§ **What is required**: The answer must consist of the entire listing, repeated exactly.

§ **Material shown**:
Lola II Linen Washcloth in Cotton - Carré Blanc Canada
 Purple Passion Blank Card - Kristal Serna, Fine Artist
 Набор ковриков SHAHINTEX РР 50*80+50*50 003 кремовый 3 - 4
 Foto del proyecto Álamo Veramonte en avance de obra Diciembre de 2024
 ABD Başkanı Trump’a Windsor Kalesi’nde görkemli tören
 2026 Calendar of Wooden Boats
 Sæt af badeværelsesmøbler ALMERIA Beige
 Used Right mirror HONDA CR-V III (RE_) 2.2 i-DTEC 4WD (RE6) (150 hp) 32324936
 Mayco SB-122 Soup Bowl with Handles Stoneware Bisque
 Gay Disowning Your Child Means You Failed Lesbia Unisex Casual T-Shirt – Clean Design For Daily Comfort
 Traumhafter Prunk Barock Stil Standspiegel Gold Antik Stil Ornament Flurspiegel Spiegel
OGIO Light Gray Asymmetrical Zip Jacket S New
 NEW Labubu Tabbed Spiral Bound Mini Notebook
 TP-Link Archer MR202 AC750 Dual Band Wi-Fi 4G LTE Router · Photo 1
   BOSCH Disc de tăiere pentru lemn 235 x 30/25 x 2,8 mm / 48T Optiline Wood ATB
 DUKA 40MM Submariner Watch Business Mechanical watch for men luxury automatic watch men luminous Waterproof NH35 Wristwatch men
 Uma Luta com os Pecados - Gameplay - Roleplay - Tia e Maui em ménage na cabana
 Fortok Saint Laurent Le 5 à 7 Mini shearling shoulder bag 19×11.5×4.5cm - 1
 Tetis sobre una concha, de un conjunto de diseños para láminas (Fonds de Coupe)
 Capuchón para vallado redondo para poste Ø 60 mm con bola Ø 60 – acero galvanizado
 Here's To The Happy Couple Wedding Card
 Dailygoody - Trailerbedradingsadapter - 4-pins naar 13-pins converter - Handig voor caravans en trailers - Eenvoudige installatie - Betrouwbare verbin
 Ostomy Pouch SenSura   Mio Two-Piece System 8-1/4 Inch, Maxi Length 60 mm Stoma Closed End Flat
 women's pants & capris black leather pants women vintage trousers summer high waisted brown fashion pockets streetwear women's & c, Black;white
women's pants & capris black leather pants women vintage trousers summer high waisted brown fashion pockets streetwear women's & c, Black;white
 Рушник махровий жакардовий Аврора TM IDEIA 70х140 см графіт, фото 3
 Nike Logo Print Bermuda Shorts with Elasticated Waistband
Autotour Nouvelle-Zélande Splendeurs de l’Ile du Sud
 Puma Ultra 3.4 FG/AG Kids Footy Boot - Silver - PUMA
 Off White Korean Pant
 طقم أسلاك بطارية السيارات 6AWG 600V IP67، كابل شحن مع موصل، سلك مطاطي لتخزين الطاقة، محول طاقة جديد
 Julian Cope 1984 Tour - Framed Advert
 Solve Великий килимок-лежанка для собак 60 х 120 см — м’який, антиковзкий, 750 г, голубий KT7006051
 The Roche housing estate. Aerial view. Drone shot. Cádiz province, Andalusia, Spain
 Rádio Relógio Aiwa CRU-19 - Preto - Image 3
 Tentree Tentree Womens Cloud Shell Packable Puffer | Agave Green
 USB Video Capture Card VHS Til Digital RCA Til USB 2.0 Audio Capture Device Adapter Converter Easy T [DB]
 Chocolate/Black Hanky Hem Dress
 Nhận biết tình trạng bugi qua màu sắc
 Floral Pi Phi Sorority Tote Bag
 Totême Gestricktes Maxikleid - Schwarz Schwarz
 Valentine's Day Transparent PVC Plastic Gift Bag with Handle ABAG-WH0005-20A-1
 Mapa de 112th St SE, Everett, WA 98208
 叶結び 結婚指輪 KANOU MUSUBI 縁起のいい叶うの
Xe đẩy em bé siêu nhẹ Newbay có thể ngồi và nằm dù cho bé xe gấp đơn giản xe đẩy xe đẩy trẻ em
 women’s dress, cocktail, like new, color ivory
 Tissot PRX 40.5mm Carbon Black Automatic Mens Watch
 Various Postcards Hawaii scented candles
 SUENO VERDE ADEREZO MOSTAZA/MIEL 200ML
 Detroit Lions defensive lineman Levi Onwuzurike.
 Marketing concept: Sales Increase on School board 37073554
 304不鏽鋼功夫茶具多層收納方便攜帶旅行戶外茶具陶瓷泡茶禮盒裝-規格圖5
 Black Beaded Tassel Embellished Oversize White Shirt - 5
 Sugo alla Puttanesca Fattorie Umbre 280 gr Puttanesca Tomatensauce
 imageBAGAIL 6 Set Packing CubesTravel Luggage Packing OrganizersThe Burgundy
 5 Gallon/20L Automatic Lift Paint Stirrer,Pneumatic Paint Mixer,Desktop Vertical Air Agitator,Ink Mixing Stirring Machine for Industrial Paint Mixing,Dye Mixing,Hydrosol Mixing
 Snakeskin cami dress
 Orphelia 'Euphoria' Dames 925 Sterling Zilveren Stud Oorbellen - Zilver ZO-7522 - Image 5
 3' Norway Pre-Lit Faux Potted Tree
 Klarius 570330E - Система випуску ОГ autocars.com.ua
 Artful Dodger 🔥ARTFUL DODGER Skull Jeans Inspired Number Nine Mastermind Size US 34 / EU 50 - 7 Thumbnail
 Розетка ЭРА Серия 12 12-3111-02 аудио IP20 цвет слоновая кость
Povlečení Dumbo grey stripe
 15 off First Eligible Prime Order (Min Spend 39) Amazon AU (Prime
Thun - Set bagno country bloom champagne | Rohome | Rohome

§ **Solution for this task**:
Lola II Linen Washcloth in Cotton - Carré Blanc Canada
 Purple Passion Blank Card - Kristal Serna, Fine Artist
 Набор ковриков SHAHINTEX РР 50*80+50*50 003 кремовый 3 - 4
 Foto del proyecto Álamo Veramonte en avance de obra Diciembre de 2024
 ABD Başkanı Trump’a Windsor Kalesi’nde görkemli tören
 2026 Calendar of Wooden Boats
 Sæt af badeværelsesmøbler ALMERIA Beige
 Used Right mirror HONDA CR-V III (RE_) 2.2 i-DTEC 4WD (RE6) (150 hp) 32324936
 Mayco SB-122 Soup Bowl with Handles Stoneware Bisque
 Gay Disowning Your Child Means You Failed Lesbia Unisex Casual T-Shirt – Clean Design For Daily Comfort
 Traumhafter Prunk Barock Stil Standspiegel Gold Antik Stil Ornament Flurspiegel Spiegel
OGIO Light Gray Asymmetrical Zip Jacket S New
 NEW Labubu Tabbed Spiral Bound Mini Notebook
 TP-Link Archer MR202 AC750 Dual Band Wi-Fi 4G LTE Router · Photo 1
   BOSCH Disc de tăiere pentru lemn 235 x 30/25 x 2,8 mm / 48T Optiline Wood ATB
 DUKA 40MM Submariner Watch Business Mechanical watch for men luxury automatic watch men luminous Waterproof NH35 Wristwatch men
 Uma Luta com os Pecados - Gameplay - Roleplay - Tia e Maui em ménage na cabana
 Fortok Saint Laurent Le 5 à 7 Mini shearling shoulder bag 19×11.5×4.5cm - 1
 Tetis sobre una concha, de un conjunto de diseños para láminas (Fonds de Coupe)
 Capuchón para vallado redondo para poste Ø 60 mm con bola Ø 60 – acero galvanizado
 Here's To The Happy Couple Wedding Card
 Dailygoody - Trailerbedradingsadapter - 4-pins naar 13-pins converter - Handig voor caravans en trailers - Eenvoudige installatie - Betrouwbare verbin
 Ostomy Pouch SenSura   Mio Two-Piece System 8-1/4 Inch, Maxi Length 60 mm Stoma Closed End Flat
 women's pants & capris black leather pants women vintage trousers summer high waisted brown fashion pockets streetwear women's & c, Black;white
women's pants & capris black leather pants women vintage trousers summer high waisted brown fashion pockets streetwear women's & c, Black;white
 Рушник махровий жакардовий Аврора TM IDEIA 70х140 см графіт, фото 3
 Nike Logo Print Bermuda Shorts with Elasticated Waistband
Autotour Nouvelle-Zélande Splendeurs de l’Ile du Sud
 Puma Ultra 3.4 FG/AG Kids Footy Boot - Silver - PUMA
 Off White Korean Pant
 طقم أسلاك بطارية السيارات 6AWG 600V IP67، كابل شحن مع موصل، سلك مطاطي لتخزين الطاقة، محول طاقة جديد
 Julian Cope 1984 Tour - Framed Advert
 Solve Великий килимок-лежанка для собак 60 х 120 см — м’який, антиковзкий, 750 г, голубий KT7006051
 The Roche housing estate. Aerial view. Drone shot. Cádiz province, Andalusia, Spain
 Rádio Relógio Aiwa CRU-19 - Preto - Image 3
 Tentree Tentree Womens Cloud Shell Packable Puffer | Agave Green
 USB Video Capture Card VHS Til Digital RCA Til USB 2.0 Audio Capture Device Adapter Converter Easy T [DB]
 Chocolate/Black Hanky Hem Dress
 Nhận biết tình trạng bugi qua màu sắc
 Floral Pi Phi Sorority Tote Bag
 Totême Gestricktes Maxikleid - Schwarz Schwarz
 Valentine's Day Transparent PVC Plastic Gift Bag with Handle ABAG-WH0005-20A-1
 Mapa de 112th St SE, Everett, WA 98208
 叶結び 結婚指輪 KANOU MUSUBI 縁起のいい叶うの
Xe đẩy em bé siêu nhẹ Newbay có thể ngồi và nằm dù cho bé xe gấp đơn giản xe đẩy xe đẩy trẻ em
 women’s dress, cocktail, like new, color ivory
 Tissot PRX 40.5mm Carbon Black Automatic Mens Watch
 Various Postcards Hawaii scented candles
 SUENO VERDE ADEREZO MOSTAZA/MIEL 200ML
 Detroit Lions defensive lineman Levi Onwuzurike.
 Marketing concept: Sales Increase on School board 37073554
 304不鏽鋼功夫茶具多層收納方便攜帶旅行戶外茶具陶瓷泡茶禮盒裝-規格圖5
 Black Beaded Tassel Embellished Oversize White Shirt - 5
 Sugo alla Puttanesca Fattorie Umbre 280 gr Puttanesca Tomatensauce
 imageBAGAIL 6 Set Packing CubesTravel Luggage Packing OrganizersThe Burgundy
 5 Gallon/20L Automatic Lift Paint Stirrer,Pneumatic Paint Mixer,Desktop Vertical Air Agitator,Ink Mixing Stirring Machine for Industrial Paint Mixing,Dye Mixing,Hydrosol Mixing
 Snakeskin cami dress
 Orphelia 'Euphoria' Dames 925 Sterling Zilveren Stud Oorbellen - Zilver ZO-7522 - Image 5
 3' Norway Pre-Lit Faux Potted Tree
 Klarius 570330E - Система випуску ОГ autocars.com.ua
 Artful Dodger 🔥ARTFUL DODGER Skull Jeans Inspired Number Nine Mastermind Size US 34 / EU 50 - 7 Thumbnail
 Розетка ЭРА Серия 12 12-3111-02 аудио IP20 цвет слоновая кость
Povlečení Dumbo grey stripe
 15 off First Eligible Prime Order (Min Spend 39) Amazon AU (Prime
Thun - Set bagno country bloom champagne | Rohome | Rohome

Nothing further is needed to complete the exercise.